Mapka strategiczna podczas bitew również jest fajnie stylizowana:)

To chyba na tą chwilę tyle. W następnym wpisie, postaram się opisać moją rozgrywkę w jednym z scenariuszy, abyście mogli poczuć nieco dokładniej, jak w to się gra.

A na koniec, nie byłbym sobą, jakbym nie dodał komentarza muzyczno-klimatycznego:)



3 komentarze:

  1. A co ze skalą wojsk? Jeśli czas i mapa są niby w 1:1 to powinno być tyle samo żołnierzy co w rzeczywistości, albo przynajmniej powinni zajmować taki sam teren. A mgła wojny?

    OdpowiedzUsuń
  2. To znowu ja, pewnie jestem jedynym, który czyta tego bloga...

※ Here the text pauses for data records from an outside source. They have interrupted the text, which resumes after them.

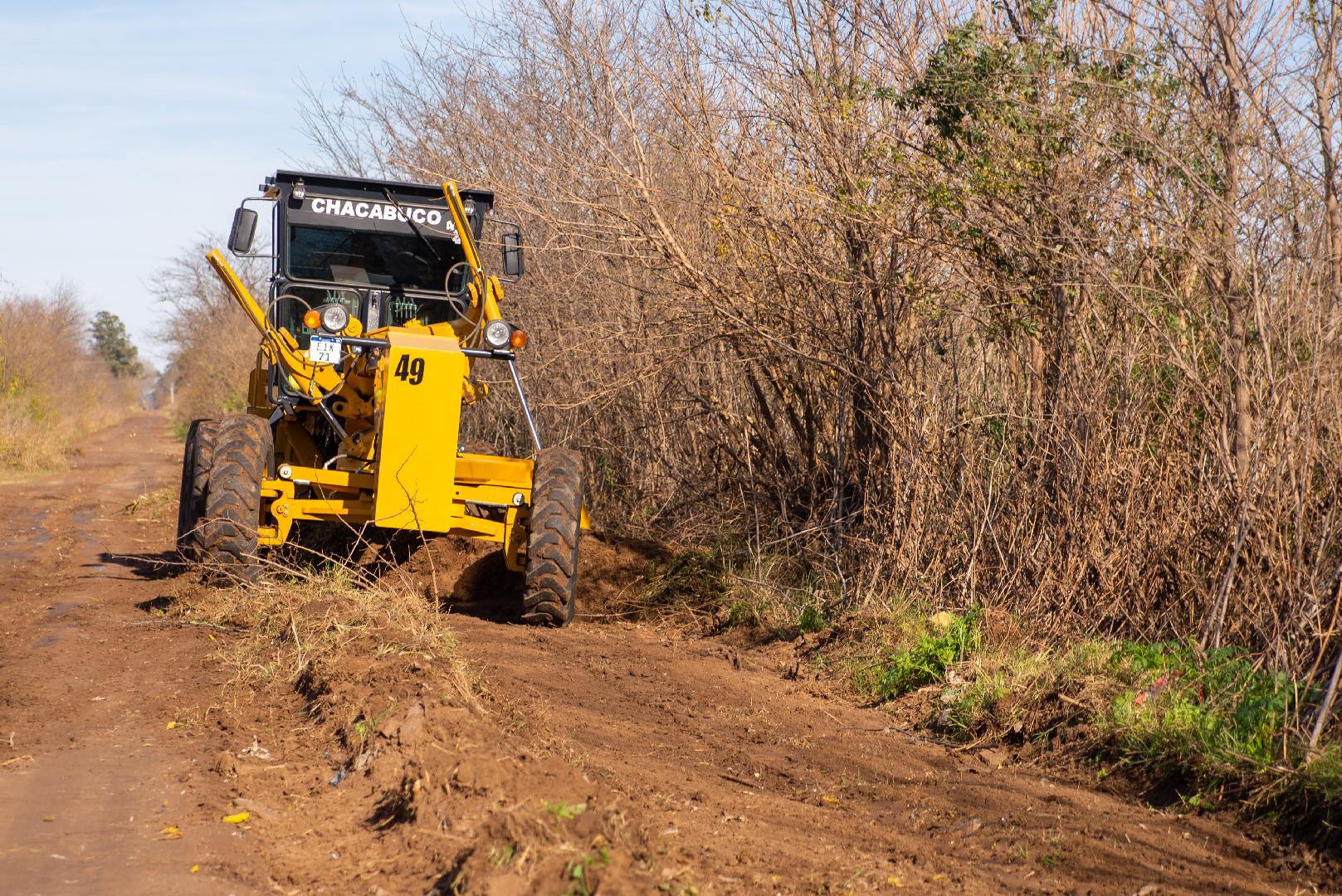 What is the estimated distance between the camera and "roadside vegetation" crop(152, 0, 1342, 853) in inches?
225

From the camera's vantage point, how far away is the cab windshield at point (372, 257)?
9406mm

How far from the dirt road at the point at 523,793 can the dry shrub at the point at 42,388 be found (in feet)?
62.7

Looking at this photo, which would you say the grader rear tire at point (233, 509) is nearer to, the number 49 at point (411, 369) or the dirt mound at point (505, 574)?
the number 49 at point (411, 369)

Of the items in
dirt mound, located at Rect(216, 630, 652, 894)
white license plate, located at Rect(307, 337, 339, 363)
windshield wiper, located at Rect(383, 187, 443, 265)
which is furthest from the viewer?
windshield wiper, located at Rect(383, 187, 443, 265)

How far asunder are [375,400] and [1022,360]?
4.14m

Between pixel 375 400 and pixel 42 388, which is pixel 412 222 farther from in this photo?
pixel 42 388

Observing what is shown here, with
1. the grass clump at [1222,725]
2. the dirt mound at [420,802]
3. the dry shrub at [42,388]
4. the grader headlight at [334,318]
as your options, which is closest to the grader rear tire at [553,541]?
the grader headlight at [334,318]

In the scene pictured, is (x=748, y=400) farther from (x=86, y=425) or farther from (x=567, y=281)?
(x=86, y=425)

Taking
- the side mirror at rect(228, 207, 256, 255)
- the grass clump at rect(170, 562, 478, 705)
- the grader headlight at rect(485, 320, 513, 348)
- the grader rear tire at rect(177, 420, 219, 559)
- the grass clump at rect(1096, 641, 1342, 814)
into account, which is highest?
the side mirror at rect(228, 207, 256, 255)

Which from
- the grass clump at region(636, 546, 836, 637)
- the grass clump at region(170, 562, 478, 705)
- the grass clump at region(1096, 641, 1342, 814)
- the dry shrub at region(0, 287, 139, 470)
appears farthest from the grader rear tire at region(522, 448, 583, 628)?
the dry shrub at region(0, 287, 139, 470)

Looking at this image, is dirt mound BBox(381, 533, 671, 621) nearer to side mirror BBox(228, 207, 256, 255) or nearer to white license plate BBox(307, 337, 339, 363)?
white license plate BBox(307, 337, 339, 363)

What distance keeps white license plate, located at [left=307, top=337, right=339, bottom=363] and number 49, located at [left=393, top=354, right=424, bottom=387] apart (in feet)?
2.78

    Przypomniała mi się gra http://www.histwar.com
    Jednak grając w demo uznałem ją za niegrywalną. Przynajmniej na widoku 3D, bo te mapki i schematy wyglądają genialnie http://www.dailymotion.com/video/x76d5r_histwar-26_videogames

    OdpowiedzUsuń
  3. Na początek komentarz... Ze statystyk wynika, że nie jesteś jedynym:) Za to jesteś jedynym aktywnym, a do aktywności zachęcam pozostałych czytelników:)

    Odpowiadając na pytanie...
    Generalnie przyjrzałem się kilku scenariuszom i wychodzi na to, że są scenariusze w których żołnierze są w skali 1:1. Te większe mają tendencje do skali 1:3, ale to też wynika ze skali mapy, która jak się okazało wcale nie zawsze jest 1:1, natomiast jeśli chodzi o czas marszu, to przyznam szczerze, że korzystałem z opisu autorów, bo sam nie wiem ile zajmuje przejście regimentu piechoty z jednego miejsca w drugie na tamtejszym polu bitwy. Mgła wojny jak najbardziej działa, zresztą nawet autorzy specjalnie poświęcili temu specjalny fragment tutoriala, który wymaga od gracza uformowania regimentu w odpowiedni szyk (skirmish? ) żeby np łatwiej przeczesywać lasy.

    Dzisiaj też oglądałem twórczość graczy poświęconą tej grze i widziałem mody poświęcone np bitwie podczas wojny o niepodległość USA. Jednak nie miałem okazji ich testować

    Co do Histwar to się zgadzam z Twoją opinią. Ta gra dla mnie była zupełnie nie grywalna. Rozumiem, że grafika nie ma znaczenia, ale jednak przynajmniej zawsze jakaś powinna być, a nadmiar realizmu+bugi powodują, że gry stają niegrywalne.